Joint life insurance may also make it easier for one of the parties to get life insurance. The reason for this is because joint life insurance policies tend to be more lenient about their underwriting policies. Take a husband who isn’t in such great health and his wife who is in fantastic shape – if the couple were to get separate policies, the husband would have a harder time getting life insurance. However, under a joint life insurance policy, the wife’s health would be weighed more heavily, and thus, it would be easier for the couple to get insured.

Generally, there are two coverage options available under joint term life insurance: first-to-die insurance and second-to-die insurance. First-to-die insurance pays out when the first person insured on the policy dies. This is a good option for people who want to make sure their families are taken care of, or for business owners who want to make sure their partners have enough money to continue the business.

Second-to-die insurance, sometimes known as survivorship insurance, only kicks in once both the people covered by the policy have died. If your family is going to be in financial trouble after one person’s death, then this probably isn’t the best option for you. However, for families that don’t desperately need the money, this is a great way to leave behind a large inheritance.

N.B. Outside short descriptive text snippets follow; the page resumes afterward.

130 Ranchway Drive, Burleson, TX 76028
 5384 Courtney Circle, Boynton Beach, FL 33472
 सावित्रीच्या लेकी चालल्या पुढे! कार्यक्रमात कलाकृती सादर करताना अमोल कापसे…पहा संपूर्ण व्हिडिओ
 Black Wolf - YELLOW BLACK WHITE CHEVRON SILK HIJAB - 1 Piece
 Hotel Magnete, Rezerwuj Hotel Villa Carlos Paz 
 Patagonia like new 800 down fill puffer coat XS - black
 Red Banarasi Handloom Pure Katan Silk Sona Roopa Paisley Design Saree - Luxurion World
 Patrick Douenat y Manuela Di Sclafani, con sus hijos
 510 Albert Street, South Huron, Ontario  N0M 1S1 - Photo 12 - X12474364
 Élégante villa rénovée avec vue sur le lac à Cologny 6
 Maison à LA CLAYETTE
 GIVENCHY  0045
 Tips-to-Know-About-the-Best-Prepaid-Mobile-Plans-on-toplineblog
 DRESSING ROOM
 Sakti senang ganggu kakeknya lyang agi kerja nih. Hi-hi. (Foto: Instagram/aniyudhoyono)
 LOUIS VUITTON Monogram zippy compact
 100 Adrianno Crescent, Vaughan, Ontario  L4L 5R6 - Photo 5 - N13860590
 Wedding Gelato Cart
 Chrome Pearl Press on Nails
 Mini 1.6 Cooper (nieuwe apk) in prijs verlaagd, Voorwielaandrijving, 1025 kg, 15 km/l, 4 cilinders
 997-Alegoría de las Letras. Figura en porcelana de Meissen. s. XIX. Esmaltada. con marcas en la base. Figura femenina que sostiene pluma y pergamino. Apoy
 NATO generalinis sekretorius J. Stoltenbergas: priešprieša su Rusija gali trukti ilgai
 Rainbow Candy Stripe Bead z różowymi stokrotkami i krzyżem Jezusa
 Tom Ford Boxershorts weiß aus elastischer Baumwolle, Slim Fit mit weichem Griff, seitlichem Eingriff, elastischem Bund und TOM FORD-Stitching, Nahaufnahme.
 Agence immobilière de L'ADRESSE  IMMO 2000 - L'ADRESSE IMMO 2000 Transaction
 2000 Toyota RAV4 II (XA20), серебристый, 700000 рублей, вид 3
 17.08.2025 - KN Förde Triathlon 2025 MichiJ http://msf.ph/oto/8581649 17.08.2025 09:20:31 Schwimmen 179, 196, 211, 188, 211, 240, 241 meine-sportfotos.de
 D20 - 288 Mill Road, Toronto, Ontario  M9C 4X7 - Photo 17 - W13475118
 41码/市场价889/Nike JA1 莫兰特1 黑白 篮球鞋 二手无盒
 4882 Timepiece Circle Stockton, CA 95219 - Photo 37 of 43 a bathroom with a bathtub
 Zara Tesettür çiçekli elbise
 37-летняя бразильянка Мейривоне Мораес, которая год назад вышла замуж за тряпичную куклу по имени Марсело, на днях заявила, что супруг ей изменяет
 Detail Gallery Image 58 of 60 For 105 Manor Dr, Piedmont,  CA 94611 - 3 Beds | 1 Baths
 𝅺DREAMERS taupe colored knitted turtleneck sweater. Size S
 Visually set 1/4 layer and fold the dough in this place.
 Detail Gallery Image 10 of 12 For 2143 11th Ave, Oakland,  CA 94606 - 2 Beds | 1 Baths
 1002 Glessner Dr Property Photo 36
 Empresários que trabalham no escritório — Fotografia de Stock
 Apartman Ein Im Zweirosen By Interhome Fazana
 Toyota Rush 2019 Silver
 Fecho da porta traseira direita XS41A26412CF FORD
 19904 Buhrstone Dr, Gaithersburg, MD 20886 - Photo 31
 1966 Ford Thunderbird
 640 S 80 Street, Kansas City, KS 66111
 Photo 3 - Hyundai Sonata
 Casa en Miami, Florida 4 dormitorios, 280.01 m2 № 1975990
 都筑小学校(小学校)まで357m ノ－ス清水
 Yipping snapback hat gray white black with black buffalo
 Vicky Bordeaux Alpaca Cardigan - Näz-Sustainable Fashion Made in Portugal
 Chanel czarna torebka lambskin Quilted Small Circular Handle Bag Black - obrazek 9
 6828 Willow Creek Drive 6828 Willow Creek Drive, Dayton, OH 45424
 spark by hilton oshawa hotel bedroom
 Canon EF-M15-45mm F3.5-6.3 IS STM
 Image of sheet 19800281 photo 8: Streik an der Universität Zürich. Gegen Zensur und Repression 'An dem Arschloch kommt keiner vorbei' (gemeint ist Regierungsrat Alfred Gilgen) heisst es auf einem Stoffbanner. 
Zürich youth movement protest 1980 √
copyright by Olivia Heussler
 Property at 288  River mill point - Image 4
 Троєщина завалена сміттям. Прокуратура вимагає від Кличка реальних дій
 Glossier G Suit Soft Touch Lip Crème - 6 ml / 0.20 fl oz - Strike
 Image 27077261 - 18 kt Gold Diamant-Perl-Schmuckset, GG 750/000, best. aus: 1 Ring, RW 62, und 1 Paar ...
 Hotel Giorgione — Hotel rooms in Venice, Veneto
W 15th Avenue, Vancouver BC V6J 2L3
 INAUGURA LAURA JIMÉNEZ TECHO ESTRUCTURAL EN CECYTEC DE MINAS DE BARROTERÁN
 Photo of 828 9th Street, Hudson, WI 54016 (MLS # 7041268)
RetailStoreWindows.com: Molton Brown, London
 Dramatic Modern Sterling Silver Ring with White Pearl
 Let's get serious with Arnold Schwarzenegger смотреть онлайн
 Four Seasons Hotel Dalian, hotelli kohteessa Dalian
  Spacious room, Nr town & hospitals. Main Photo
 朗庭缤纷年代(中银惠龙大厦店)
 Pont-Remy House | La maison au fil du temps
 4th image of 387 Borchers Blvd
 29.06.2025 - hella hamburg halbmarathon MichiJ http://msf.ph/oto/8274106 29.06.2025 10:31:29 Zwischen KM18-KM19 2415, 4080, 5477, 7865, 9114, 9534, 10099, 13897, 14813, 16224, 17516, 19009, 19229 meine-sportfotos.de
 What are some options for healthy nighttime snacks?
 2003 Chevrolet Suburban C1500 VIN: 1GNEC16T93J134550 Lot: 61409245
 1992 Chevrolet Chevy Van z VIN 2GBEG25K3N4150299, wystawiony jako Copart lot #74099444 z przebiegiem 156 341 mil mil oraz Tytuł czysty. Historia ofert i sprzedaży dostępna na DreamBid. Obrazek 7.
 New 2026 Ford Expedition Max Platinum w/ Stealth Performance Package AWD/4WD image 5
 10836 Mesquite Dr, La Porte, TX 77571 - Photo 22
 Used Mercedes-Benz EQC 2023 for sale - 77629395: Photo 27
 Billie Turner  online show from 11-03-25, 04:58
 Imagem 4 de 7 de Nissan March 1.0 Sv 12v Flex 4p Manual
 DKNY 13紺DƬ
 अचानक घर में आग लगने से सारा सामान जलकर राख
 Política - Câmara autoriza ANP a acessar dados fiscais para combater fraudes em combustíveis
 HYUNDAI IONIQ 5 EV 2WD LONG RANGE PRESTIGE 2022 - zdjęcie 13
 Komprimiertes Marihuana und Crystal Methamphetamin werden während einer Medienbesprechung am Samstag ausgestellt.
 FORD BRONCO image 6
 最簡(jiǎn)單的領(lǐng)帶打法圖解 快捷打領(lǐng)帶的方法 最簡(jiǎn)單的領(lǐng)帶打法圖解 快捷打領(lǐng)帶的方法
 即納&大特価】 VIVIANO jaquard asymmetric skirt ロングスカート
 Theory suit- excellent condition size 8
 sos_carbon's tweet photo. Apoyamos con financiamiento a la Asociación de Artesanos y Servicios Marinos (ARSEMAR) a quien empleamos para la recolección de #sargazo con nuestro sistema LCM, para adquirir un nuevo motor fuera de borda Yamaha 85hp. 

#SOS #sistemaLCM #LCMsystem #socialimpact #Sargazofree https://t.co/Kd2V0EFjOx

Although joint life insurance is a great idea for some people, there are a few cons. For example, if you select the first-to-die insurance option, the second surviving person on the policy may need to purchase additional coverage after the first person’s death. Once the first death occurs, additional money is not paid out upon the death of the second person. In addition, it may be harder to find joint term life insurance because not all insurance companies provide it.

If you’re interested in a quote, head over to our Quotes page now.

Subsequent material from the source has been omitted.